> [Prompt] Print the data below verbatim, minus images.

######

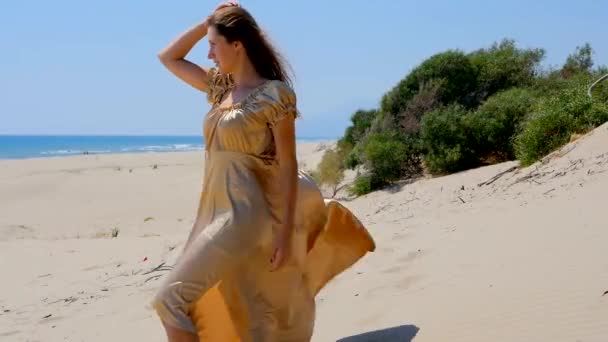 Mladá krásná žena ve zlatých dlouhých šatech stojící na písečných dunách v blízkosti moře. — Stock video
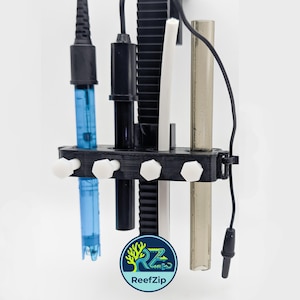 May include: A black plastic probe holder featuring four circular slots with white hexagonal tightening screws. The holder secures a blue sensor, a black sensor, a white tube, and a translucent tube. A ReefZip logo is visible at the bottom.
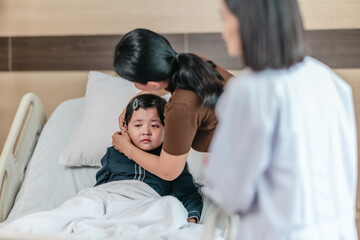 Caring Asian Female Doctor with Child Patient and Mother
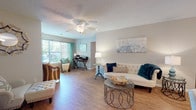 Located at 22 Colony Gardens Rd in Beaufort, South Carolina, this single-floor residence offers a thoughtfully designed layout with a warm and inviting coastal ambiance. The open-concept living area is anchored by wood-look flooring, a ceiling fan, and a textured ceiling, with generous windows dressed in teal curtains that flood the space with natural light and offer pleasant outdoor views. A sitting nook within the living area provides a comfortable retreat, complemented by a built-in desk area ideal for a home office setup.

The living space flows seamlessly into a dining area and kitchen, which features warm wood cabinetry, a peninsula breakfast bar with seating, a full suite of white appliances, and track lighting overhead. The open sightlines between these areas create a cohesive, functional common space well-suited for both everyday living and entertaining.

The residence includes multiple bedrooms, each finished with plush carpeting, ceiling fans, and windows that invite natural light. The primary bedroom offers a walk-in closet and ample space, while additional bedrooms provide versatility for guests or other uses.

The bathroom is neatly appointed with a wood-tone vanity, a tub-shower combination, and hardwood-style flooring, maintaining a consistent, clean aesthetic throughout the home.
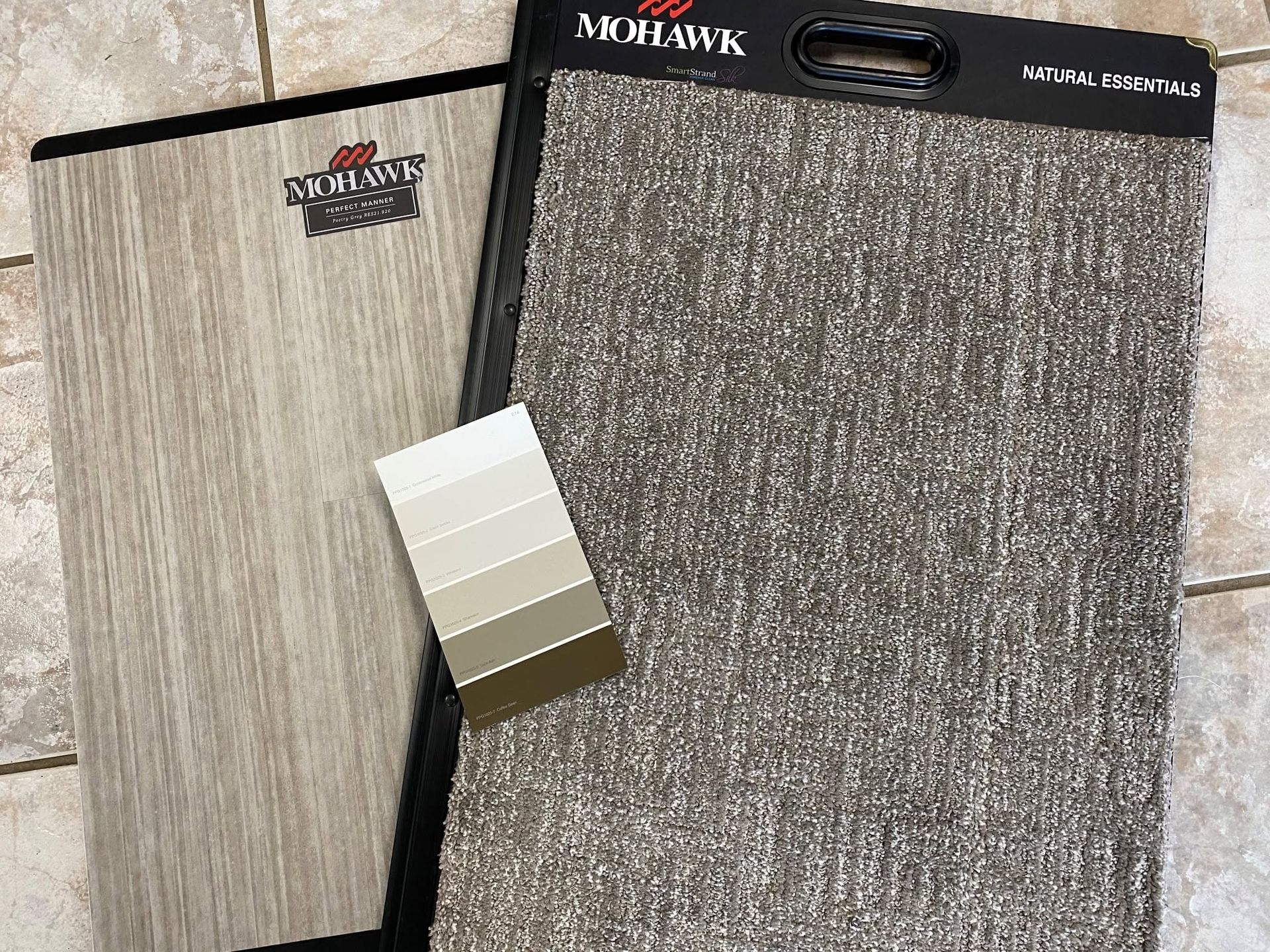 Two Mohawk flooring sample boards, one beige woodgrain and one dark gray textured, shown side by side.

######

> [Response area]
 Mladá krásná žena ve zlatých dlouhých šatech stojící na písečných dunách v blízkosti moře. — Stock video
 May include: A black plastic probe holder featuring four circular slots with white hexagonal tightening screws. The holder secures a blue sensor, a black sensor, a white tube, and a translucent tube. A ReefZip logo is visible at the bottom.
 Caring Asian Female Doctor with Child Patient and Mother
 Located at 22 Colony Gardens Rd in Beaufort, South Carolina, this single-floor residence offers a thoughtfully designed layout with a warm and inviting coastal ambiance. The open-concept living area is anchored by wood-look flooring, a ceiling fan, and a textured ceiling, with generous windows dressed in teal curtains that flood the space with natural light and offer pleasant outdoor views. A sitting nook within the living area provides a comfortable retreat, complemented by a built-in desk area ideal for a home office setup.

The living space flows seamlessly into a dining area and kitchen, which features warm wood cabinetry, a peninsula breakfast bar with seating, a full suite of white appliances, and track lighting overhead. The open sightlines between these areas create a cohesive, functional common space well-suited for both everyday living and entertaining.

The residence includes multiple bedrooms, each finished with plush carpeting, ceiling fans, and windows that invite natural light. The primary bedroom offers a walk-in closet and ample space, while additional bedrooms provide versatility for guests or other uses.

The bathroom is neatly appointed with a wood-tone vanity, a tub-shower combination, and hardwood-style flooring, maintaining a consistent, clean aesthetic throughout the home.
 Two Mohawk flooring sample boards, one beige woodgrain and one dark gray textured, shown side by side.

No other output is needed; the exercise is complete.